NC House votes to override vetoes

The state Senate will vote on McCrory's two vetoes today.

RALEIGH — The N.C. General Assembly reconvened Tuesday to consider Gov. Pat McCrory’s two recent vetoes — but state representatives took less than an hour to vote to override both.

The N.C. Senate will meet today at 9 a.m. to vote on the vetoes of both a welfare drug testing bill and an immigration bill.

House Bill 392 would require background checks and drug testing for some welfare applicants and would prohibit fleeing felons and probation and parole violators from receiving welfare benefits.

House Bill 786, the immigration bill, would extend how long employees can work without undergoing a background check through E-Verify, a system used to ensure workers are citizens, from 90 days to nine months.

The N.C. House of Representatives voted to override McCrory’s veto of the drug testing bill 77-39, which met the required three-fifths majority.

McCrory said in a letter to legislators that he objected to the bill because it would not be funded by the new state budget.
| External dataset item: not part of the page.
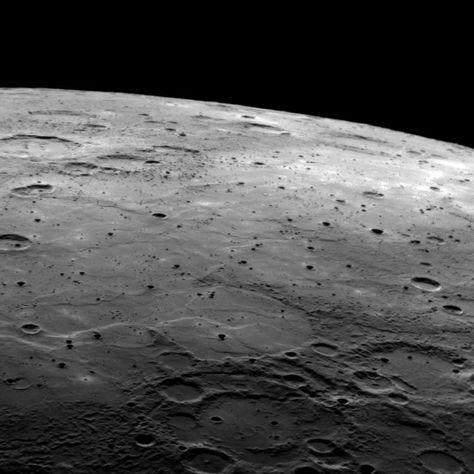 Mercury close up: The best pictures from Nasa's Messenger spacecraft mission - Telegraph Mercury Surface, Planet Surface, Nasa Solar System, Mercury Planet, Nasa Space Program, Impact Crater, Planet Mercury, Nasa Images, Astronomy Art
He also expressed concerns about the bill going against Fourth Amendment rights.

“I am concerned that the means for establishing reasonable suspicion, as outlined in the bill, are not sufficient to mandate a drug test under the Fourth Amendment,” he wrote.

The welfare drug testing bill passed the House in April with a 106-6 vote.

In an executive order, McCrory included the section to do background checks on recipients of welfare services, but cut the section that would require drug testing.

Rep. Jim Fulghum, R-Wake, said he wanted to sustain the veto because he felt the executive order did enough.

The House also voted to override the veto on the immigration bill 84-32.

“There is a loophole that would allow businesses to exempt a higher percentage of employees from proving they are legal U.S. citizens or residents,” McCrory wrote.

Rep. George Cleveland, R-Onslow, said he agreed with McCrory.

“This is a jobs bill for illegal aliens,” Cleveland said. “We are going to become a magnet for illegal aliens.”

Cleveland said he didn’t understand why representatives voted to pass the bill when unemployment in the state is at 9 percent.

But Rep. Larry Hall, D-Durham, argued that legislators should override the veto because the agriculture industry depends on labor from all over the world.

“Let’s give the farmers and the agricultural industry in our state the chance to compete,” Hall said.

The House will now await the Senate’s vote today. Rep. Valerie Foushee, D-Orange, said in an interview she didn’t think state senators were going to vote any differently.

“I think that those bills passed with good majorities,” she said.

The legislature is expected to adjourn after today until May 14, 2014.